Bob Hagan, a retired military communications specialist, thinks Janet Lively, the 36-year-old mother of two who attempted to grab Melville’s sign, “should have been given a medal.”
“I represent the silent majority,” said Hagan, 55, interviewed as he sat on a picnic bench under towering redwoods at Brooktrails golf course. “What happened on July 4 is very representative of the ideological differences that exist here. I believe that 9/11 has finally lowered the tolerance level of people for this kind of behavior.”
The main target of Hagan’s wrath, expressed in newspaper letters and public statements, is Lanny Cotler, a local screenwriter and political activist. Cotler, 61, a veteran of the 1964 free speech movement as a student at UC Berkeley, sprang to Melville’s aid during the parade and walked alongside the protester, carrying an American flag emblazoned with a peace symbol.
Letters to the Editor
“I hope any red-blooded American would have done the same thing,” said Cotler, who moved to Willits from Los Angeles in 1984. After the incident, Cotler, who was born on the Fourth of July, penned an impassioned defense of dissent that was published in the Willits News.
Cotler wrote that when he saw Melville, carrying his large black-and-white sign, he regarded the protest as an act of personal courage. The sign referred to a July 1 incident in which an American warplane struck a wedding party in a central Afghanistan village, killing 48 people, all but three of whom were women and children.
“I said to my daughter,” Cotler wrote, “there goes a man with a morality-based grievance and the courage to express it peacefully in public.”
Cotler’s editorial page article outraged Hagan and others in the community of 5,000, divided about equally between old-timers and new settlers.
“Your form of social terrorism is wearing pretty thin in this town and across the nation,” Hagan responded in a July 31 letter to the editor. “Do us all a favor and take me up on a free one-way ride to the airport.”
Hagan, who moved here seven years ago, said his newspaper broadside appeared to touch a nerve among fellow Willits conservatives, some of whom are newcomers like him.
“My right hand is still sore from all the people shaking it,” he said.
The impact of the war was brought home in January when a Willits Marine was killed in a helicopter crash near Kabul.
Willits High School graduate Dwight Morgan, 24, whose wife and two small children live here, was one of two Marines killed when a CH-53E Super Stallion went down.

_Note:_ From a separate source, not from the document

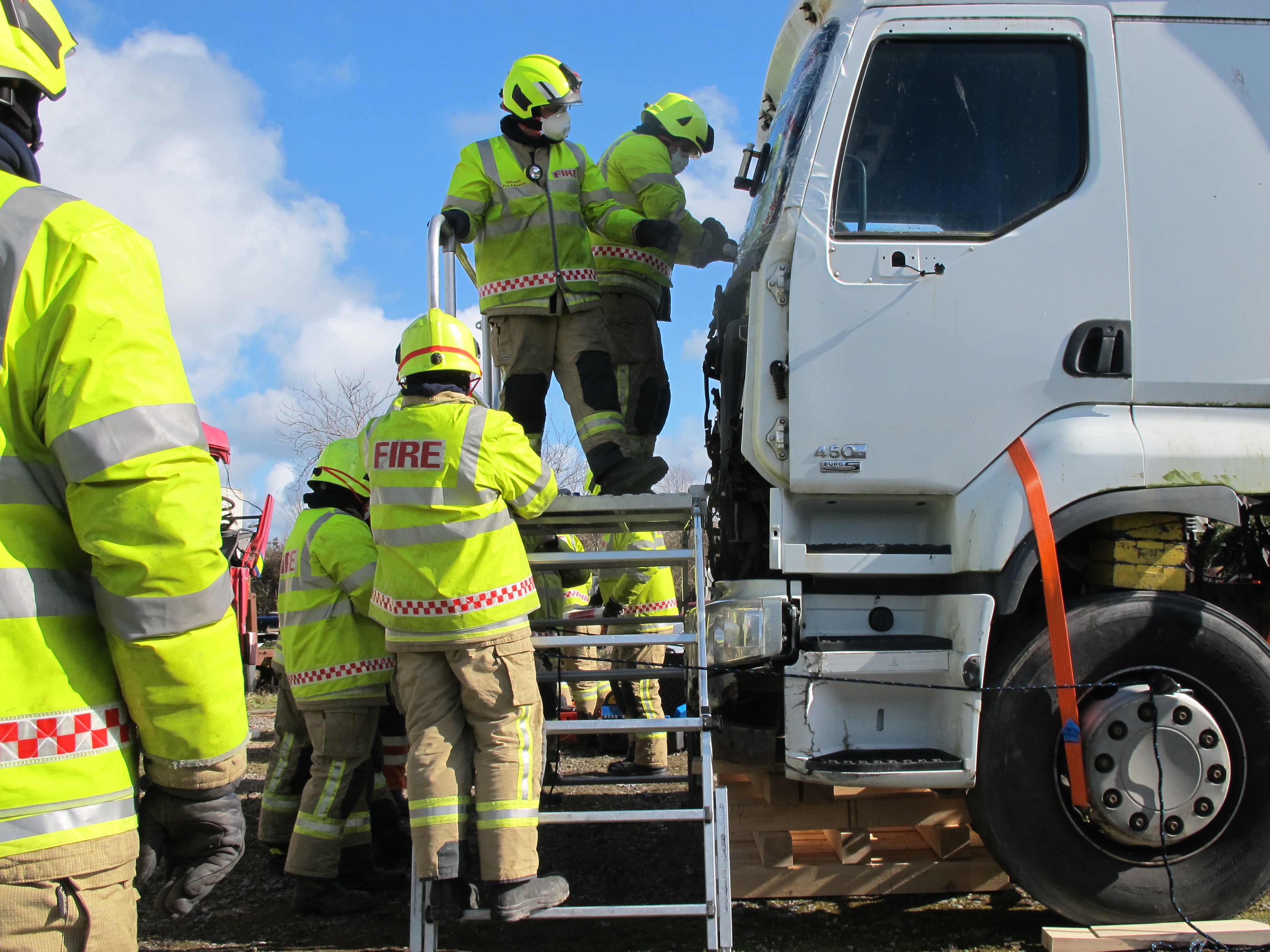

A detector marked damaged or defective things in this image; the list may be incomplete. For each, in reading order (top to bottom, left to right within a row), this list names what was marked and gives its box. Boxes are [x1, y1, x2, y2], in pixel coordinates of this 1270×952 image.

cracked windscreen [841, 42, 1086, 238]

Still, Hagan’s sentiments were not universally embraced. His letter prompted a wave of responses defending Cotler, including one letter, notable for its own free-speech implications, attacking the newspaper for publishing Hagan’s views.
“I was disappointed in the Willits News for choosing to print Bob Hagan’s letter, consisting of a mean-spirited, personal attack on Mr. Cotler,” said Janice Gendreau in a letter published Aug. 14.
Willits presents a dissonant culture of loggers, cattle ranchers, vegans, environmental activists, marijuana growers and middle-class retirees.
A major exhibit at the Mendocino County Museum in town is a hippie van, complete with bells, Oriental carpets and dangling locks of hair.
The new settlers of the ‘60s and ‘70s, whom the locals knew as “hippies” and “back-to-the-landers,” brought with them radical politics that clashed with the area’s entrenched Republicanism.
The newcomers, in turn, referred to the longtime residents as “hicks” and “rednecks.” The newcomers hung out at the organic Mariposa Market. Marijuana emerged as the area’s main cash crop.
The old-timers dug in at Al’s Redwood Bar & Grill. They celebrated their heritage in the traditional July 4 parade and the annual Frontier Days rodeo.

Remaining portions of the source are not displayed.